Blood still stains the floors at the prison – chillingly, a former high school, where the gym bars in the courtyard were turned into gallows. Now the Tuol Sleng genocide museum, instruments of torture and victims’ skulls are displayed alongside photographs of every prisoner admitted. Extensive records kept by Duch and other staff detail the prisoners’ experiences, while photographs taken by the Vietnamese on capturing the capital city show the prison as it was left by fleeing S21 guards, with mutilated bodies still chained to rusting metal bedframes.
But Duch’s lawyer, Kar Savuth, said the prison chief - who taught mathematics before becoming a communist revolutionary in the late 1960s - was not guilty of any crimes and was only following “verbal orders from the top."
“He had no rights to arrest or kill anyone,” Kar Savuth said.
An estimated two million people died during the four years of Khmer Rouge rule, from starvation, overwork or execution. Upon seizing power in 1975, the ultra-communists emptied Phnom Penh and other urban centres, forcing their populations into rural labour camps.
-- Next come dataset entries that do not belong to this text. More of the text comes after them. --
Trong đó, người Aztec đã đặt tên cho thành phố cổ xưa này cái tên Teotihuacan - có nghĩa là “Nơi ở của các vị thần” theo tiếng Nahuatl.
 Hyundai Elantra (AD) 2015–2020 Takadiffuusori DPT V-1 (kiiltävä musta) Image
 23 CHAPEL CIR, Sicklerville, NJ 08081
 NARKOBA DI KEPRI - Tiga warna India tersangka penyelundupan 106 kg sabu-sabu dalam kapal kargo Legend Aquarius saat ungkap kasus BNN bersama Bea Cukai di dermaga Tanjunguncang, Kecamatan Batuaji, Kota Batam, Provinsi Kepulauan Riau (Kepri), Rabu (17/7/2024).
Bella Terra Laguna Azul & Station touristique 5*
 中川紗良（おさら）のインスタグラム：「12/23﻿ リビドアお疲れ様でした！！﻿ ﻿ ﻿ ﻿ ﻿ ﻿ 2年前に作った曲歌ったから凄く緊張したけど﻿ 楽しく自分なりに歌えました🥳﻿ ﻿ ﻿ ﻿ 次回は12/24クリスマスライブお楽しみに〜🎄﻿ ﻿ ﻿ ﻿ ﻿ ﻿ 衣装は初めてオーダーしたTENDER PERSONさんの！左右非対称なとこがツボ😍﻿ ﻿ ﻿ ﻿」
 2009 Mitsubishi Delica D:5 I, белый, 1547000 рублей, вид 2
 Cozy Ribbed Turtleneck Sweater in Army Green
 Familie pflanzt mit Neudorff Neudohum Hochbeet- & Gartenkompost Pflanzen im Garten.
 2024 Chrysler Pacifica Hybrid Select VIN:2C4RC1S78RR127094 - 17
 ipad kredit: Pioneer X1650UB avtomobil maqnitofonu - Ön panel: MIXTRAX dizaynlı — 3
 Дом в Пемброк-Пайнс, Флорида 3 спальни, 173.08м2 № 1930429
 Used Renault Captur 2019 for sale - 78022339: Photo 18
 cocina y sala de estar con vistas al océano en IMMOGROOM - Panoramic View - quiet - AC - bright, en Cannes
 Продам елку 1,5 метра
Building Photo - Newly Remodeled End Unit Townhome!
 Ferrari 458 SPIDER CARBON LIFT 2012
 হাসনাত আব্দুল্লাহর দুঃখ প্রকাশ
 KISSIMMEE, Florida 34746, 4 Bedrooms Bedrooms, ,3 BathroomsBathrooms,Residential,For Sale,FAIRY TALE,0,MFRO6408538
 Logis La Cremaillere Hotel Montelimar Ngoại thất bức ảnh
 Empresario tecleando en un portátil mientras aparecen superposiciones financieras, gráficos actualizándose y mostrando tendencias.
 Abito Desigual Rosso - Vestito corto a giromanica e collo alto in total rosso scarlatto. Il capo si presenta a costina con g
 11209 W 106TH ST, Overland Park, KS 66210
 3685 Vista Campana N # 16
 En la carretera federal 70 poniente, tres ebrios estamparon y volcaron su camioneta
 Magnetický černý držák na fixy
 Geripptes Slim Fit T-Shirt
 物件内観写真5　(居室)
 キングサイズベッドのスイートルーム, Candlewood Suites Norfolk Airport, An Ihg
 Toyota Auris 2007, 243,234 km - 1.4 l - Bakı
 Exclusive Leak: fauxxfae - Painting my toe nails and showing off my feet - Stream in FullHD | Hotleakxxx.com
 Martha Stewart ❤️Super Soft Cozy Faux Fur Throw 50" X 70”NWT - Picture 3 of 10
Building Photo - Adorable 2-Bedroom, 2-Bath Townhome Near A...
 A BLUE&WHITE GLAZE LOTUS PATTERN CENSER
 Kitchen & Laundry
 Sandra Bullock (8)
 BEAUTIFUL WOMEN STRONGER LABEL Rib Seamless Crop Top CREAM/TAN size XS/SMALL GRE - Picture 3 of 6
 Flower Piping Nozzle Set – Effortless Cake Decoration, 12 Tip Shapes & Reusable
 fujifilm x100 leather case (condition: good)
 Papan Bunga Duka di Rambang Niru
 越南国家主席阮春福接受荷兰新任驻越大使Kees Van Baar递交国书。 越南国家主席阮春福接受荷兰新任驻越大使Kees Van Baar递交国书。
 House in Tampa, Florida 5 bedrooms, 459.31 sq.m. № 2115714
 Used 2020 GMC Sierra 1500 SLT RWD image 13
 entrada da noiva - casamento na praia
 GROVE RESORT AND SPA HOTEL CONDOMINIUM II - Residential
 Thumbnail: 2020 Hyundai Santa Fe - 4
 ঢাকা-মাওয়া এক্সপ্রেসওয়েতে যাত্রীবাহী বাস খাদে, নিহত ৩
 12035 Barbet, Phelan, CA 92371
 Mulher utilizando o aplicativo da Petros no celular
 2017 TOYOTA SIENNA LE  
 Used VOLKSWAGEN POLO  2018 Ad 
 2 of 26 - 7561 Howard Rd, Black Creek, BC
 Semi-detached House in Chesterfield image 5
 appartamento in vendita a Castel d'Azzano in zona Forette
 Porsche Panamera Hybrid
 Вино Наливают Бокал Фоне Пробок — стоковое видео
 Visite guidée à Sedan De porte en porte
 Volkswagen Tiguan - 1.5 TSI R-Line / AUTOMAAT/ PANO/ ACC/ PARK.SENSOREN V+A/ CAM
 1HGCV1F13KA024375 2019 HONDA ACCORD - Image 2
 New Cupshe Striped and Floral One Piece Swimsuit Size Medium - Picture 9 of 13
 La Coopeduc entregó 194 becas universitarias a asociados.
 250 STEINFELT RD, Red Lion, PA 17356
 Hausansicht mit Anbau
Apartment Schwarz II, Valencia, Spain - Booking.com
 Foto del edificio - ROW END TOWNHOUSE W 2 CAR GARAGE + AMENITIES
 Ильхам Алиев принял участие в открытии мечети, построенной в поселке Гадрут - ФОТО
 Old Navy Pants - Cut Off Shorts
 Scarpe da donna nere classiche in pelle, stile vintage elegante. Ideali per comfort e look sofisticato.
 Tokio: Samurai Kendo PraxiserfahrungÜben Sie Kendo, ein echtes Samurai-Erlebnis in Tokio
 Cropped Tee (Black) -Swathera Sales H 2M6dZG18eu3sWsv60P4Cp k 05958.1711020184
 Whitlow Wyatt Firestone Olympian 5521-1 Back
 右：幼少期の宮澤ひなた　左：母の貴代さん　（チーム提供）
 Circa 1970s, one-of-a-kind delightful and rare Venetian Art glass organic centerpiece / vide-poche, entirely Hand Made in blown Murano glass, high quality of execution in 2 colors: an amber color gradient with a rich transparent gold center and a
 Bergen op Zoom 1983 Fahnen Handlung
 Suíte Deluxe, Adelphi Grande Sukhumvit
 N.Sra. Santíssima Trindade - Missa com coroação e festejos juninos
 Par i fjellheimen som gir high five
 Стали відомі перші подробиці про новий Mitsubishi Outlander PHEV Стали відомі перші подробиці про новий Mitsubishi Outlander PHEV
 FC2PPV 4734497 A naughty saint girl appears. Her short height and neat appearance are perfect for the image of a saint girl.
The regime abolished religion, currency and schools, turning Cambodia back to “Year Zero” in its bid to create an agrarian utopia. Instead, it perpetrated what is now regarded as one of the worst atrocities of the 20th century.
Its crimes were part of a “common criminal plan constituting a systematic and unlawful denial of basic rights,” prosecutors said earlier this month after submitting their cases for investigation.
Attempts to bring the perpetrators to justice have been frustrated by years of wrangling between Cambodian authorities and the United Nations over the trial process. It was only in 2003 that a tribunal plan was finally agreed and set in motion, by which time many of the accused, including Pol Pot, had died. The process now underway is widely regarded as the last opportunity to secure justice for the Cambodian people.
While the names of all those under investigation have not been made public, prosecutors are reportedly also seeking charges of genocide and other crimes against former Khmer Rouge head of state Khieu Samphan, as well as Pol Pot’s deputy Nuon Chea and foreign minister Ieng Sary.
Khieu Samphan said today he was not alarmed by Duch’s summons, saying his own possible appearance at the tribunal “won’t be a problem at all."
“There is no reason to arrest me. I will go to the tribunal if they ask me to,” he said from his home in northwestern Cambodia.
“I have my lawyer and am prepared,” he added.
As for Duch, his present feelings on the tribunal and his alleged crimes are unknown. But in a transcript of a government interview in 1999, he claimed he was not a “cruel man” and was instead “an individual with gentle heart caring for justice ... since childhood.”